Увы, ушли мы не только из Ирана. Правда, в Бушере, где помогали строить иранцам АЭС, было твердо обозначено наше присутствие. Сложное и деликатное положение, из которого мы выворачивались с не меньшим искусством, чем в прошлом веке ЦК КПСС отбрыкивалось от обвинений в поддержке "прогнившего антинародного шахского режима".
И в прошлые времена, когда Иран был государством сугубо светским, он удивлял многим. Тонет ребенок, и мой друг, в отличие от десятков застывших на берегу, бросается в воду и вытягивает его из омута. Мальчик спасен, и мы шутим, что ждет друга в переполненном золоте Иране драгоценная медаль за спасение утопающих.
Фигушки. Родители пожаловались на неверного. Зачем, если всевышний брал их сына? Кто просил противиться высшей воле? Даже наше начальство было поражено. Ну, не высылать же героя-спасителя, дело замяли: пришлось несколько дней отсидеться в гостинице, не выходить на работу.
А безобидный поход в кино мог закончиться еще и похуже. Парню-солдату показалось, что молодой инженер-шурави не так посмотрел на его уже тогда закутанную в чадру жену. Чужак, как посмел! И шел за ним, извергая проклятия и обещая кару.
Но в то же время нет народа благожелательнее персов. Тебя проведут по улице. Заблудишься - помогут выбраться. Сидя в кафе или маленьком ресторанчике, не удивляйся приглашению отведать национальное блюдо с соседнего столика. И уж точно неловко не выпить чаю из любезно предложенного чайничка.
Но все это - лишь сугубо мужские дела. Ханум - женщинам не место в этой нашей игре. И если даже ты сидишь в гостях у пригласившего тебя иранца, ты вряд ли увидишь его супругу. Лишь где-то там, за занавеской, мелькнет тонкая женская рука, с золотым браслетом на тонкой кисти и подаст новое блюдо мужу.
Однажды наша коллега-журналистка просто забыла покрыть платком длинные блондинистые волосы. Какое же недоумение это вызвало... Все произошло не в мечети, а в тегеранском зале заседаний. Даме моментально принесли темное покрывало. Хотел бы я знать, впрочем, чего там, конечно, знаю, что бы произошло, попытайся непонятно как разодетая женщина совершить нечто отличающееся от традиционного в святом для персов месте.
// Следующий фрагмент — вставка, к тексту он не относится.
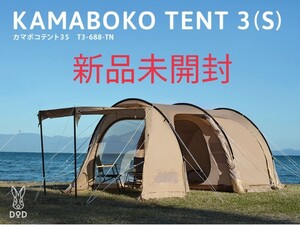 カマボコテント3S T3-688-TN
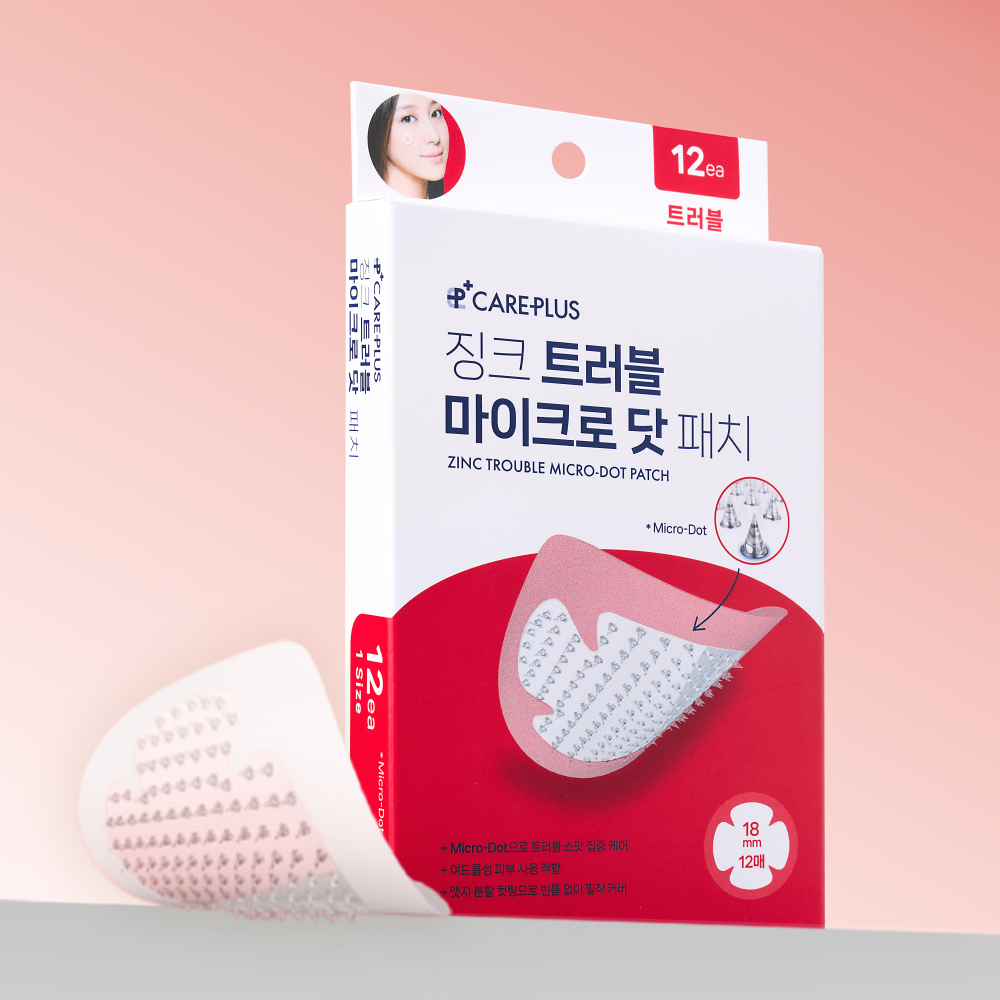 CAREPLUS Zinc Trouble Micro-Dot Patch Wide 4P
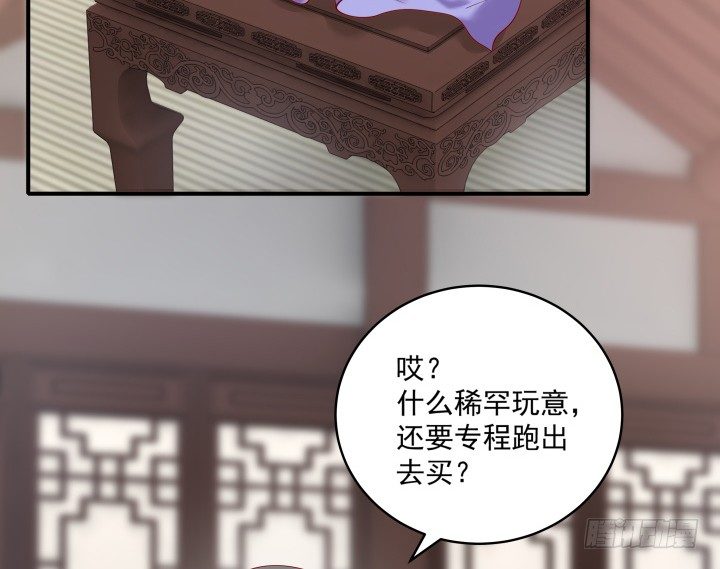 《都督大人宠妻录》漫画最新章节23话 有缘之人免费下拉式在线观看章节第【104】张图片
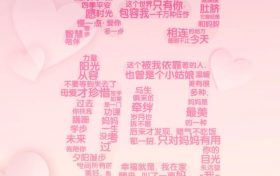 【母親節(jié)】我愛(ài)你，不止今天！縮略圖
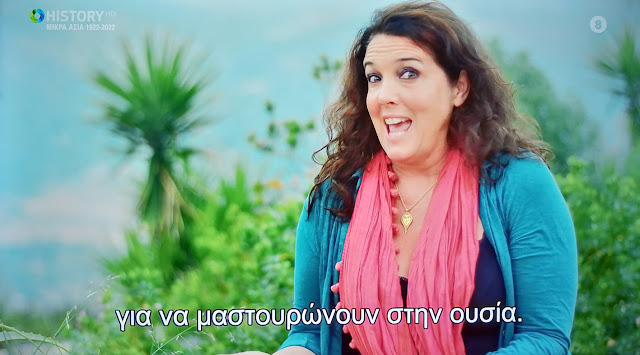 oi-arxaioi-ellines-mastouronan-1911952227.jpeg - Αρχείον Πολιτισμού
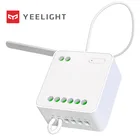 Модуль двустороннего управления Yeelight, 2020, беспроводной релейный контроллер, 2-канальный Интеллектуальный переключатель, работает для приложения Smart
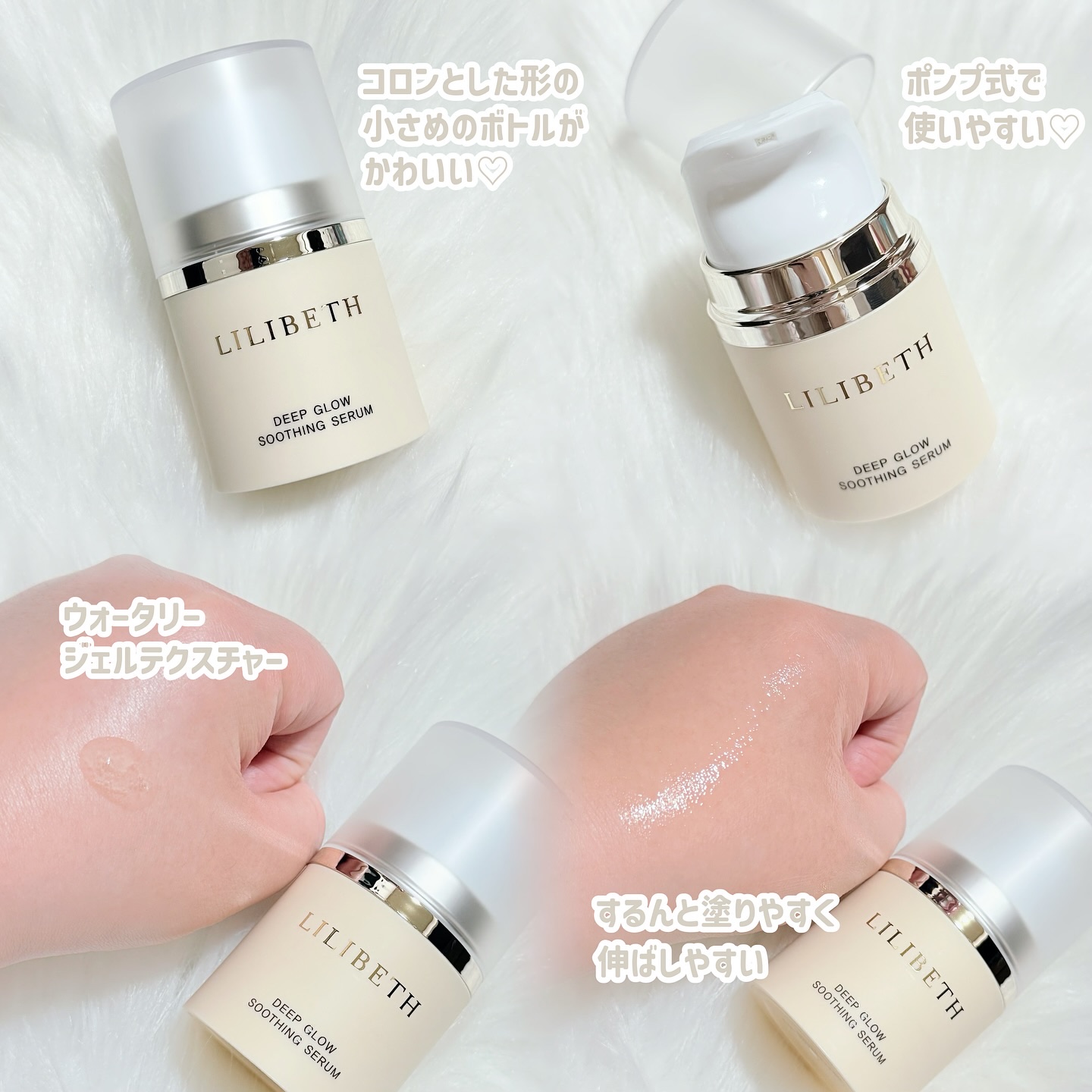 ディープグロウスージングセラム/LILIBETH/美容液を使ったクチコミ（3枚目）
Нет, только не это! Ведь жизнь должна продолжаться.
Понимаете, все очень тонко. Множество нюансов. Есть правила, обязательные для соблюдения. Они строги, не всегда нам, чужим, понятны. Но "здесь" и "там" резко отличаются друг от друга. Сейчас, сегодня в Иране принятое, прочно вписывается в свод мусульманских законов, быть может, естественных для страны, обратившейся после десятилетий власти Шаха к иным ценностям. Грани, тончайшие нити... Из них прочно соткано сегодняшнее, обретенное после долгих лет спокойное состояние души. И не осуждать, выстругивая и обтесывая под себя, а понимать: вот что требуется в нынешнюю пору, когда за грозной весной последовала тревожная осень.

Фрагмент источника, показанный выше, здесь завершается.